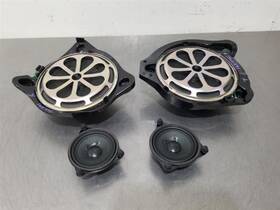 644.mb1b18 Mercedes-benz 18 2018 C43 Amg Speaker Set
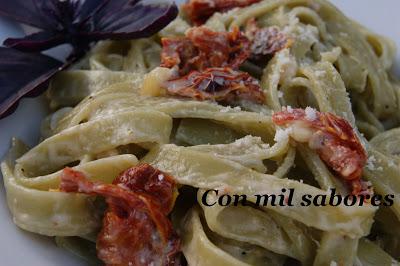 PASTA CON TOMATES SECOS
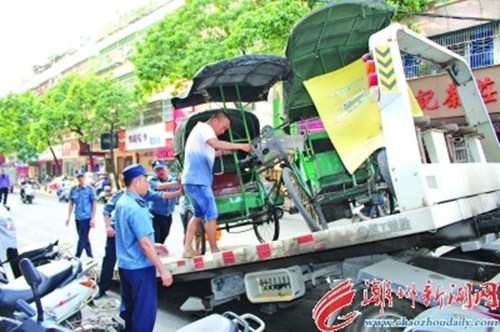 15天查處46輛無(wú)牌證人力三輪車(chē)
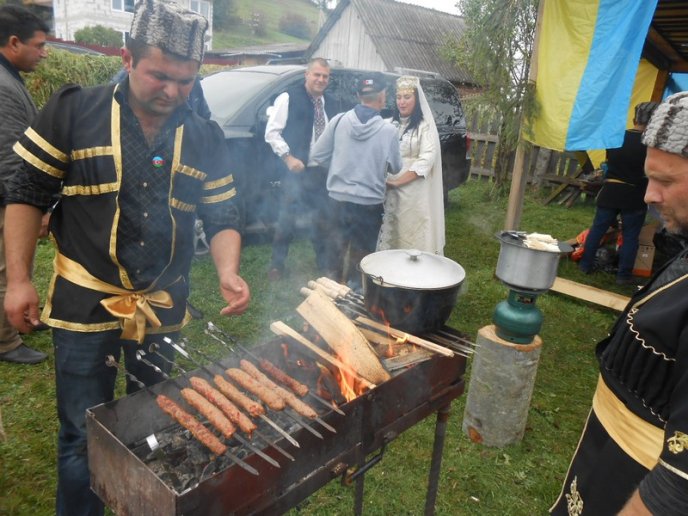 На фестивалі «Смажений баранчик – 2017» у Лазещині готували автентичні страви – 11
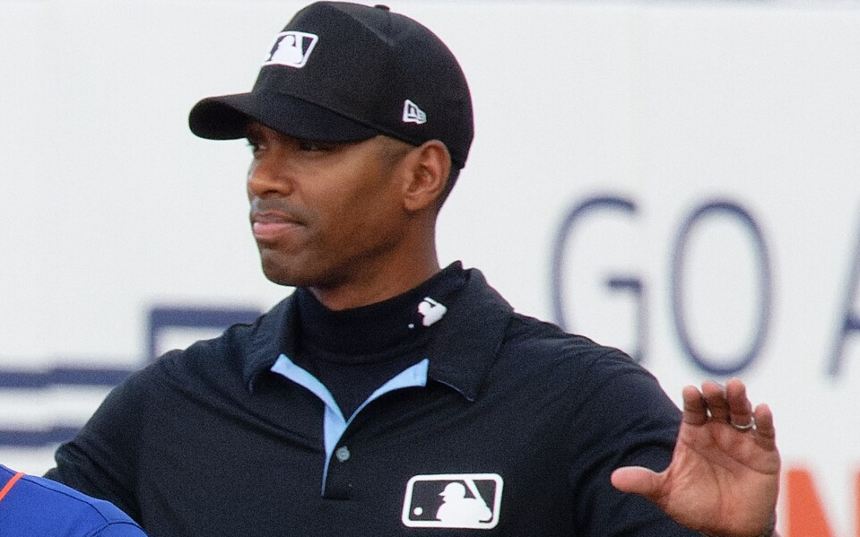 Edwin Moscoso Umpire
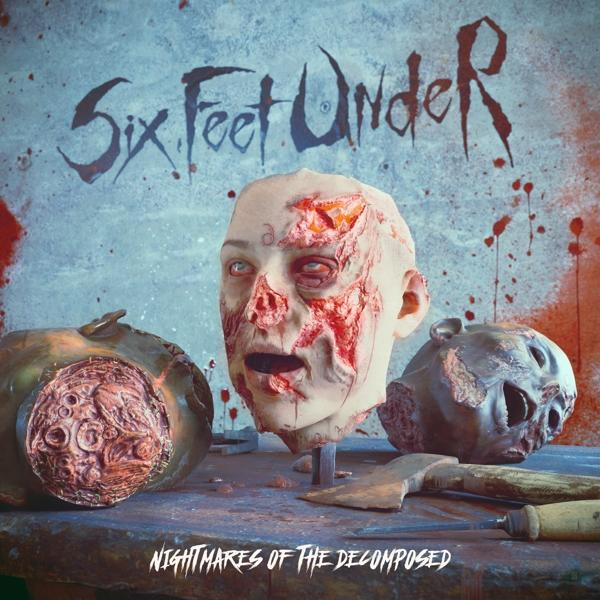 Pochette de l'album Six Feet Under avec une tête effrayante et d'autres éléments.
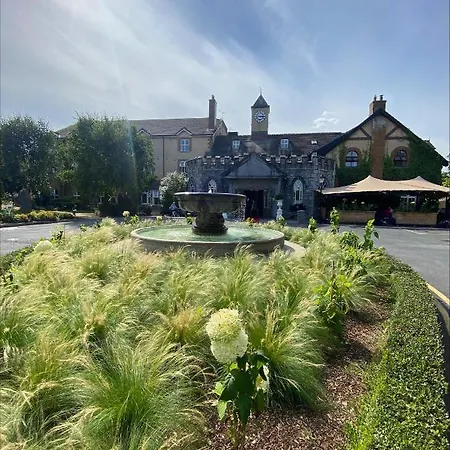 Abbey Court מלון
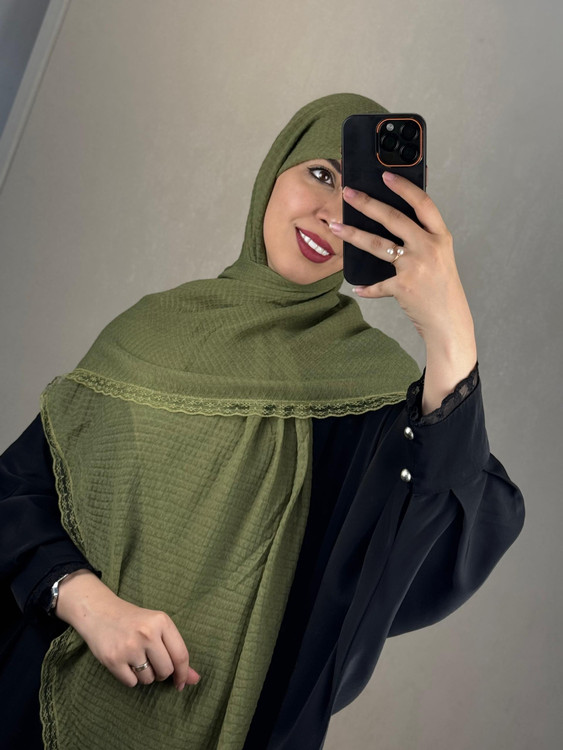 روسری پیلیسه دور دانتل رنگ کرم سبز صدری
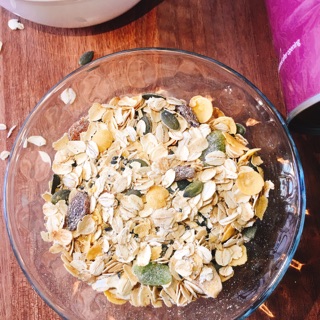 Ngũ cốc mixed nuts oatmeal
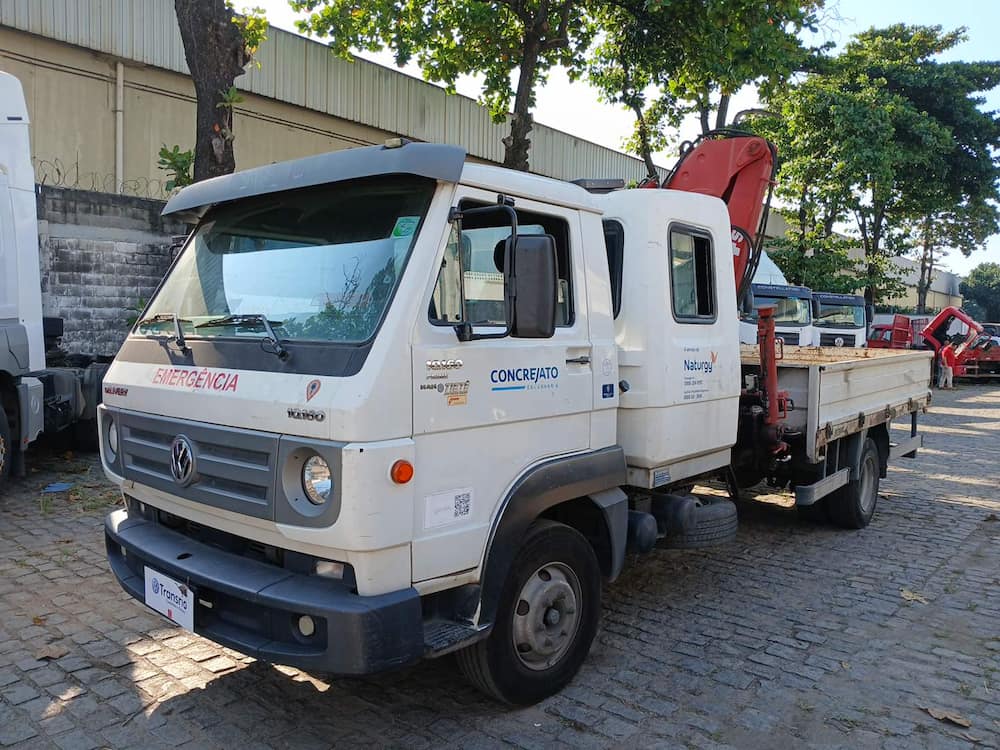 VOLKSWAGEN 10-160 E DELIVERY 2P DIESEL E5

_ _ _ _

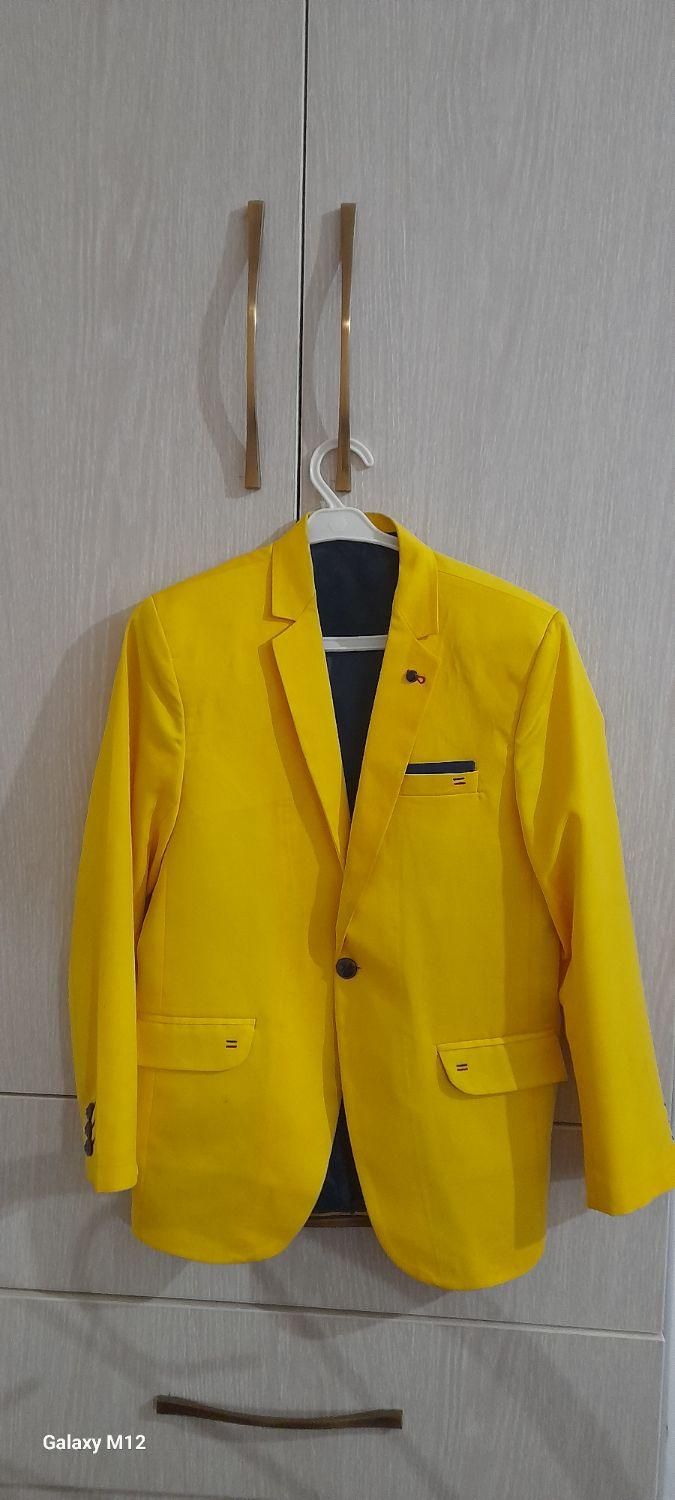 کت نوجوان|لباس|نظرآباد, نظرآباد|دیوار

_ _ _ _

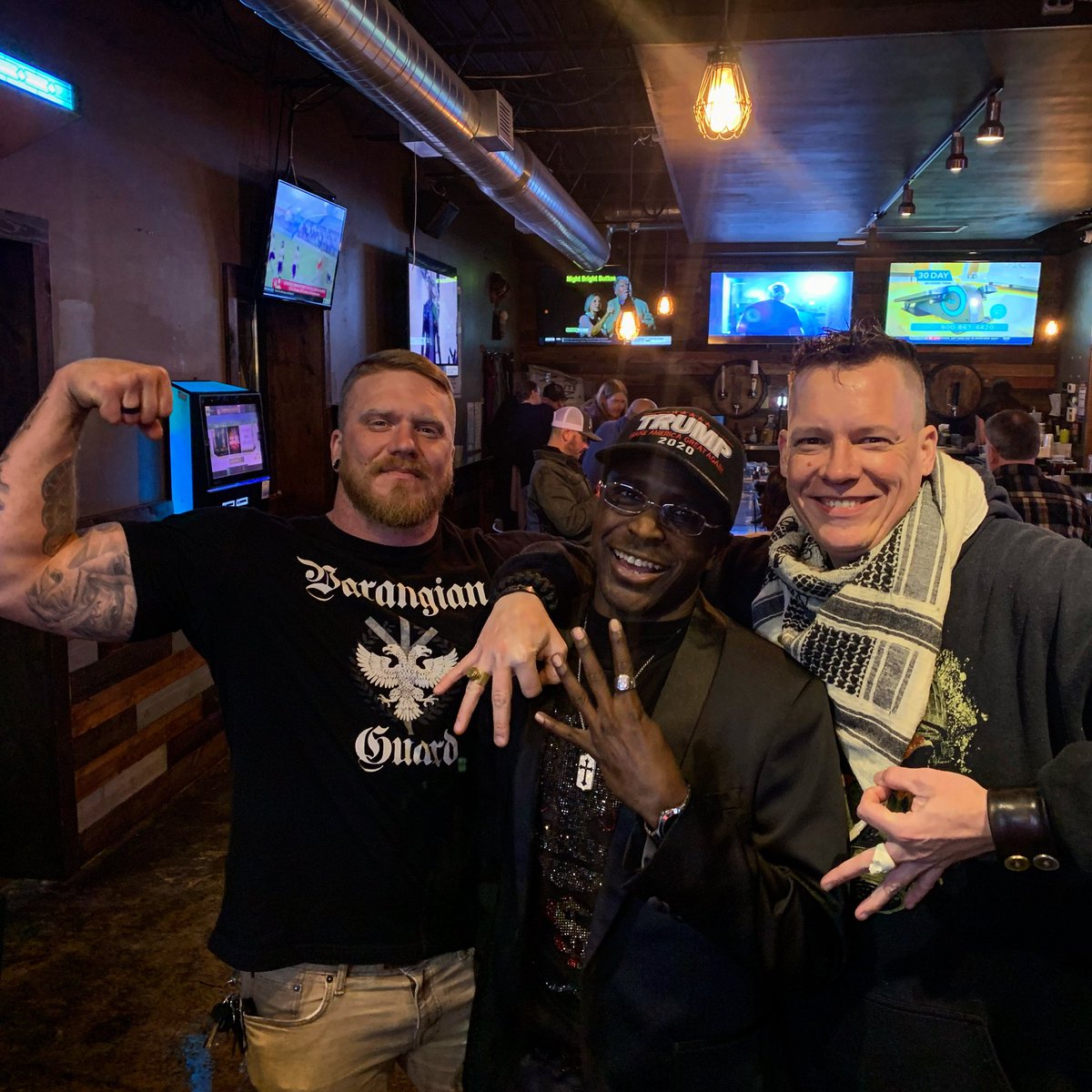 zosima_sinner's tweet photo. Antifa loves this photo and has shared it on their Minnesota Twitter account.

_ _ _ _

→ TASK OBJECTIVE
An exact transcription is needed of the lines from the one with "страви – 11" to the one with "VOLKSWAGEN 10-160 E DELIVERY 2P DIESEL E5" above, both ends included, with pictures left out.

→ EXPECTED OUTPUT
 На фестивалі «Смажений баранчик – 2017» у Лазещині готували автентичні страви – 11
 Edwin Moscoso Umpire
 Pochette de l'album Six Feet Under avec une tête effrayante et d'autres éléments.
 Abbey Court מלון
 روسری پیلیسه دور دانتل رنگ کرم سبز صدری
 Ngũ cốc mixed nuts oatmeal
 VOLKSWAGEN 10-160 E DELIVERY 2P DIESEL E5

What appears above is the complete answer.